Mrs. Warnecke, my first grade teacher from forty-five years ago, sent me an old newspaper recently that included an article highlighting her classroom in my elementary school. The date immortalized on my hometown paper is February 28, 1965, and the reporter is eager to disclose one of the newest ideas in teaching, a strategy that exemplifies true innovation in the classroom:
"There's a relatively new activity in educational circles that is guaranteed to delight youngsters, amuse teachers, and horrify parents. Actually, everyone has participated in similar activities, but now it has a name - Show and Tell."
Show and Tell!
I can't believe that this activity was literally born in the sixties. I feel sure that cave-children were acting out the workings of the first wheel or the warmth of the first fire for their cave-teachers. But, no, Barbara W. Short, the "Women's Editor" for the "Women's News" of the Durham Morning Herald, reveals that this new technique is all the rage in schools of the sixties. And her article is chock full of examples.
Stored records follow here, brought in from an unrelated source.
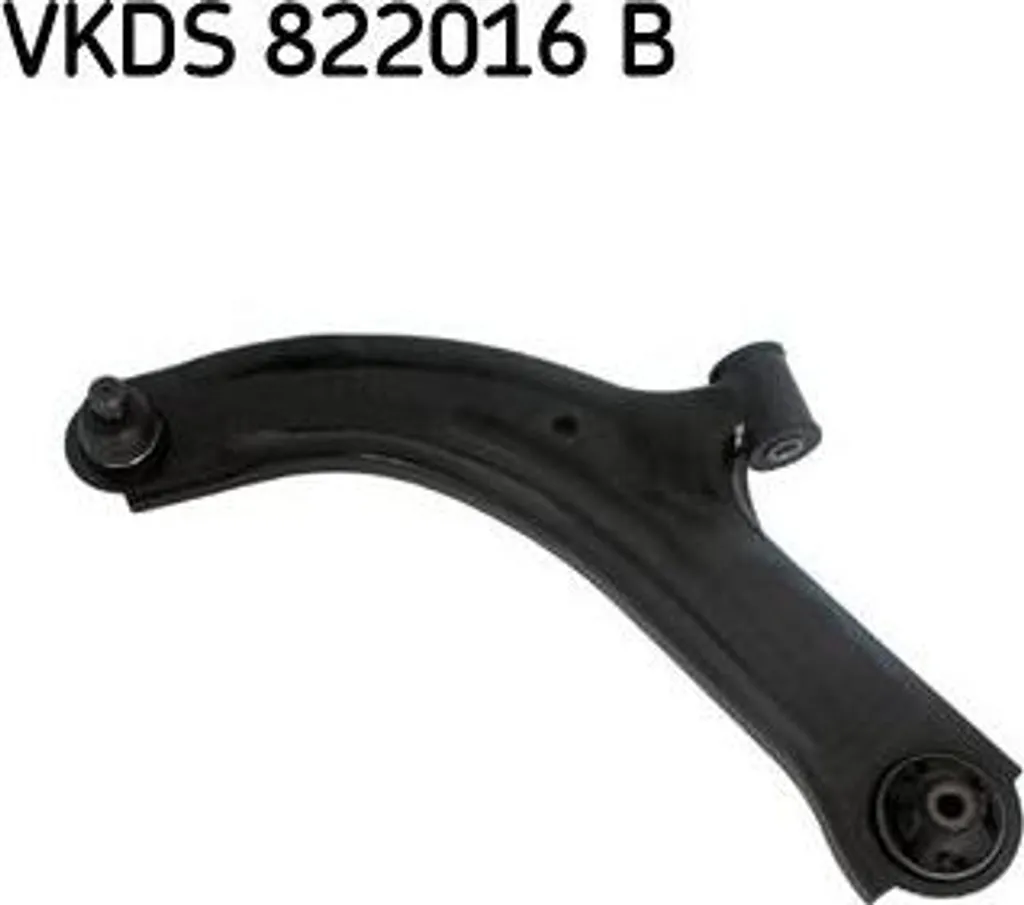 Bras de suspension SKF VKDS 822016 B contre les bruits de train avant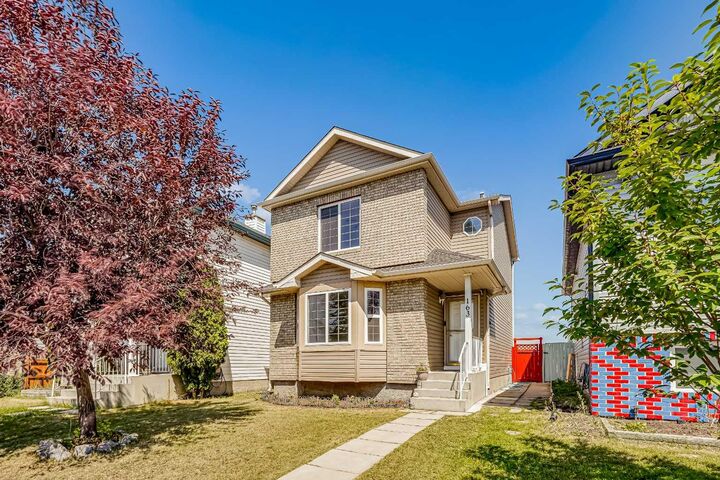 Property Photo: 163 Saddlemont Crescent NE AB T3J 4R6
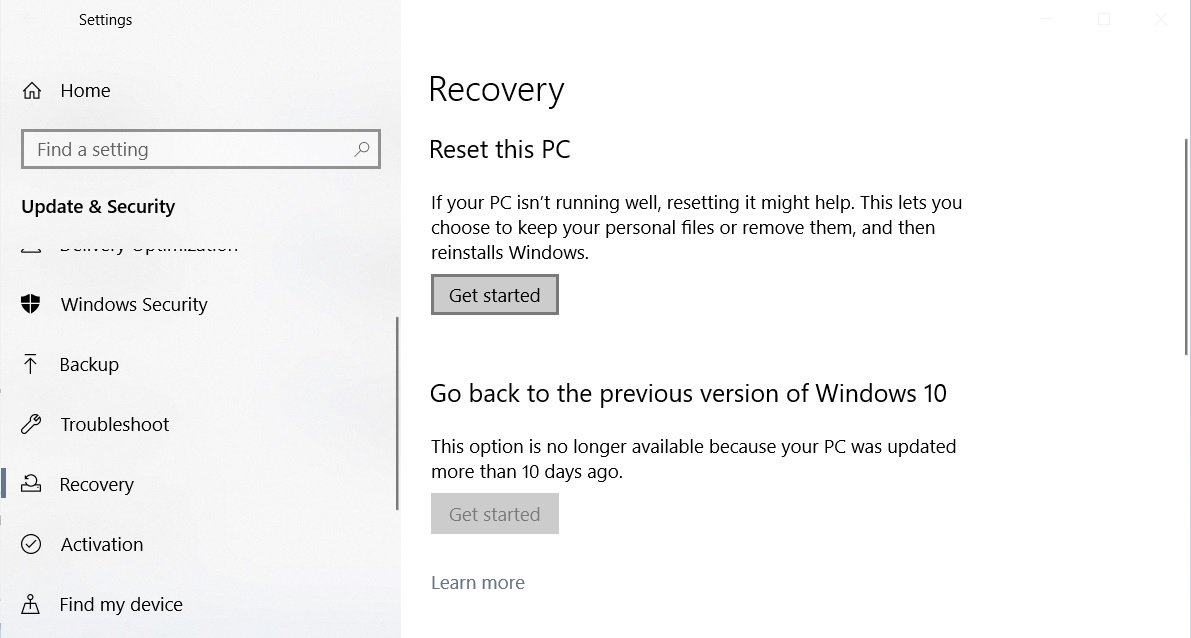 最近微软透露，它正在尝试一种通过云重置 Windows 10 PC 的方法(Reset this PC)，让用户使用从云端下载的 Windows 文件重置他们的 PC，而不是使用本地恢复镜像。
One student talks about visiting a friend in the hospital and seeing him walk on "crunches." "When he walked, it went 'crunch, crunch, crunch,'" she said.
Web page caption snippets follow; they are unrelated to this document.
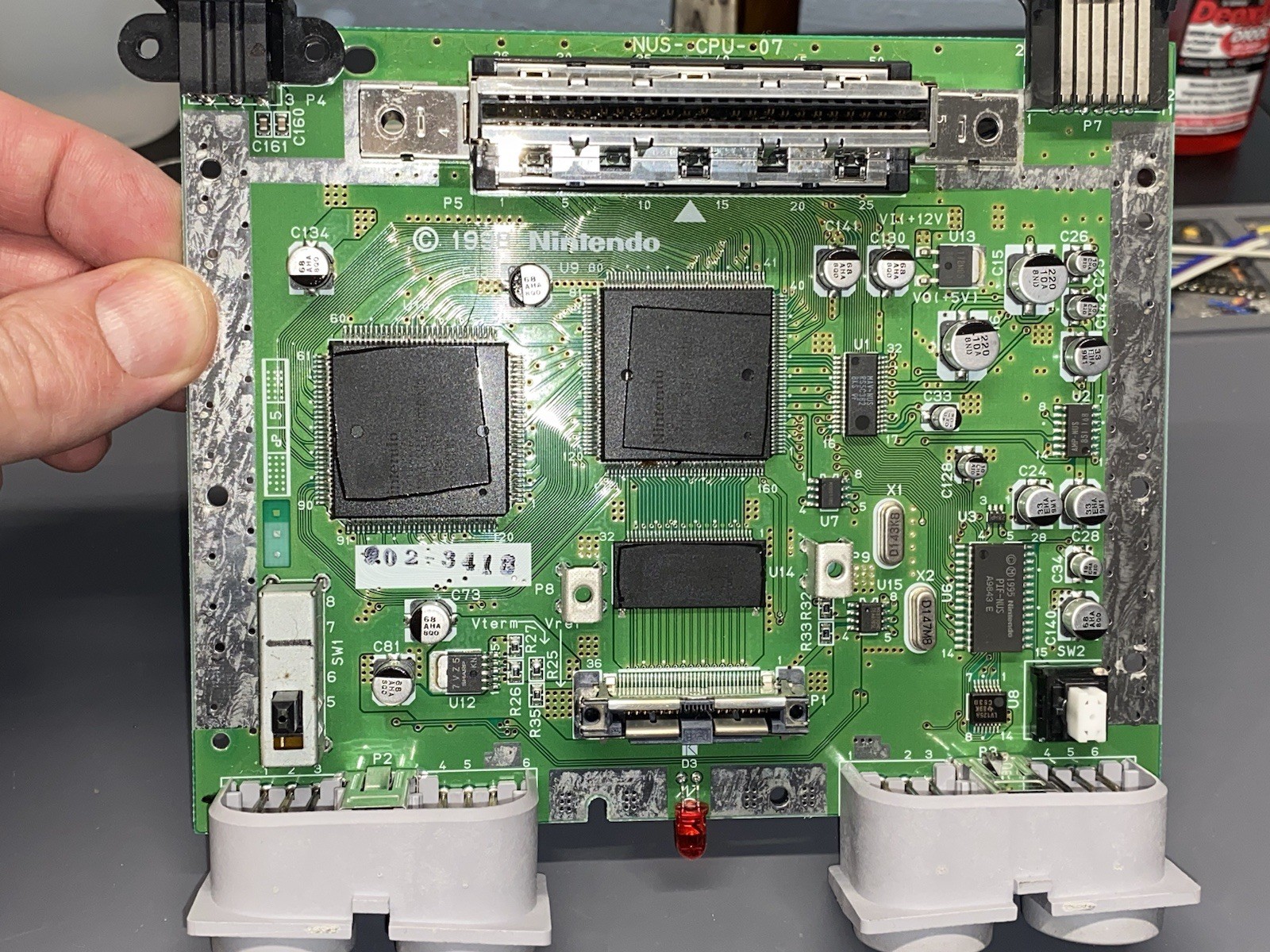 Ultimate Advanced RGB N64 Recapped Deblur IGR Nintendo 64 Region Tim Worthington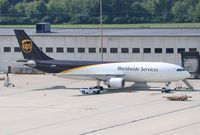 N129UP @ KRFD - Airbus A300F4-622R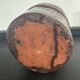 Vintage glazed terracotta vase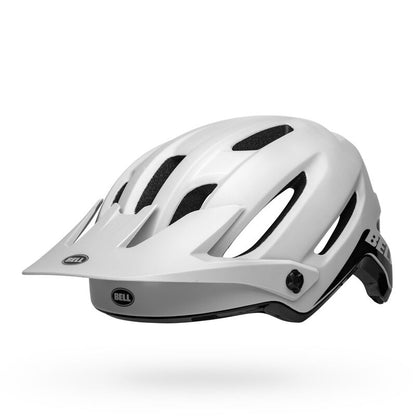 Bell 4Forty MIPS Helmet Matte Gloss White Black - Bell Bike Helmets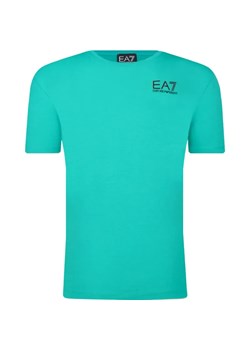 EA7 T-shirt | Regular Fit ze sklepu Gomez Fashion Store w kategorii T-shirty chłopięce - zdjęcie 184507315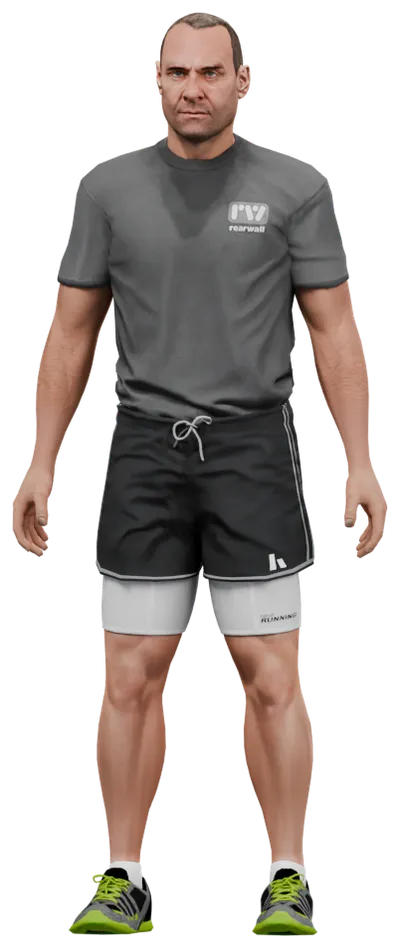 Transparent PNG of the GTA V ped cs_devin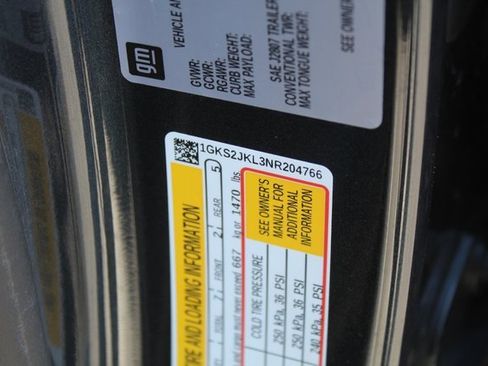 Used 2022 GMC Yukon XL Denali w/ Denali Premium Package image 49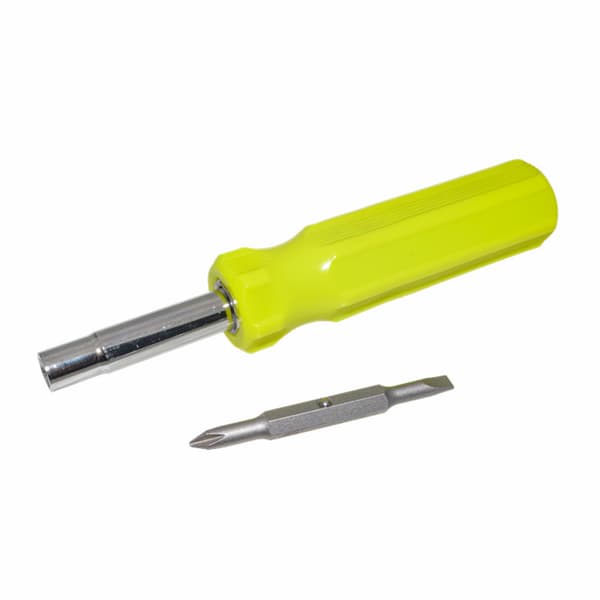 Screwdriver Portable Multifunctional Screwdriver High Strength Bits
Another student shares that he hates school because "there ain't no tv."
Interestingly, the Show and Tell conversation turns to history and a heated discussion of Abraham Lincoln and which war occurred during his presidency.
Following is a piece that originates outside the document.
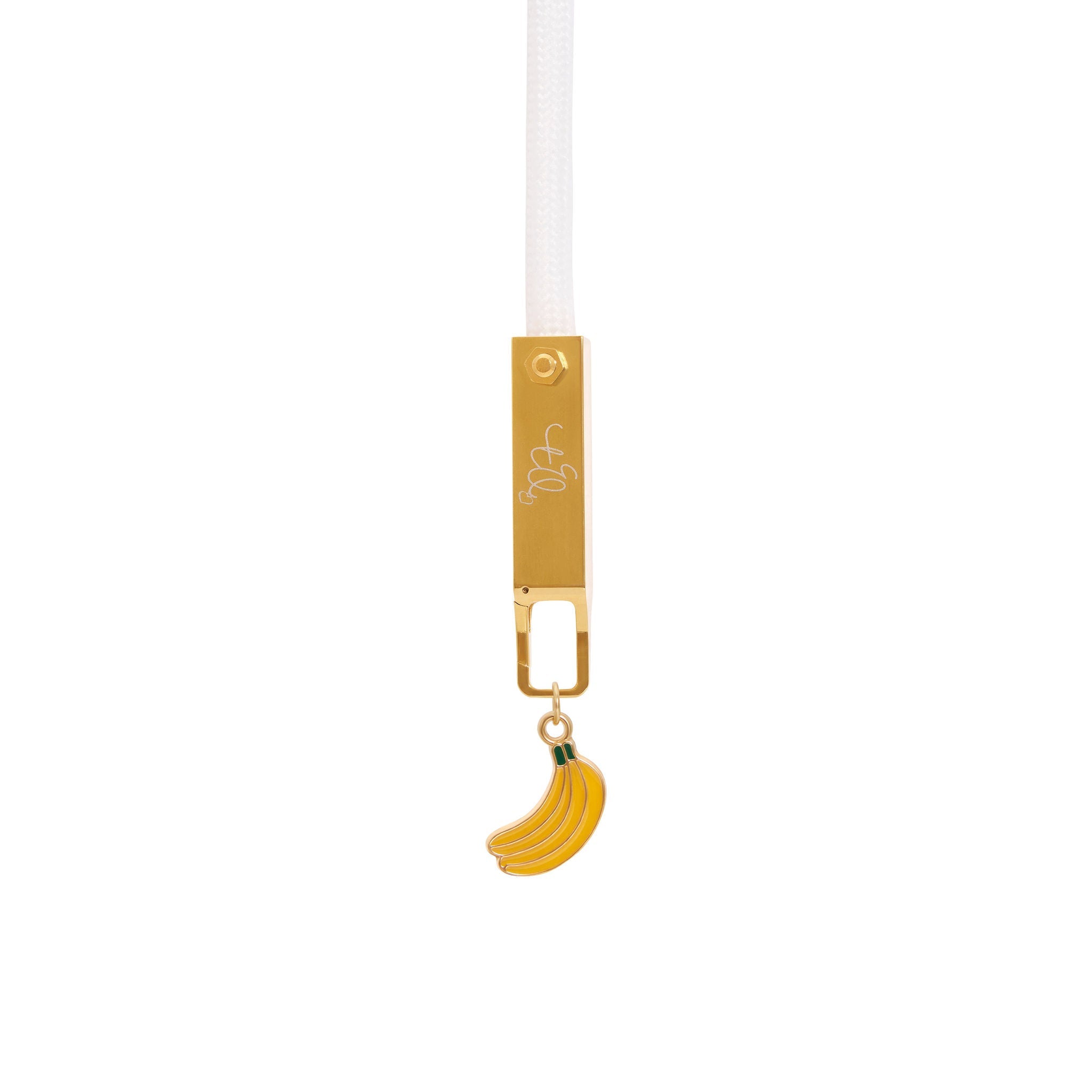 Bananas Gold Charm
"The first war," says one student. "No," adds another. "It was the second war." A little girl is sure that it was "the thirteenth war."
But the war "made us free" asserted another student.
"I'm not free. I'm six," reported a little blonde. Well, I'm glad we got that straight.
This article made me think about our current innovations in teaching and how we may read about them in forty-four years and think, as we do with Show and Tell, that we've always taught this way.
"There's this board and it looks just like a white board, but you can navigate it like a computer screen. Just touch it! It's amazing..."
"Your class can actually talk to a classroom in another country, just by logging on to your computer."
Will either of these innovations be the Show and Tell of the future? Probably not. It's just difficult to measure up to a classic.
And speaking of classic, the article refers to my teacher as "Mrs. Richard Warnecke." Evidently, back in the sixties, women didn't have their own names.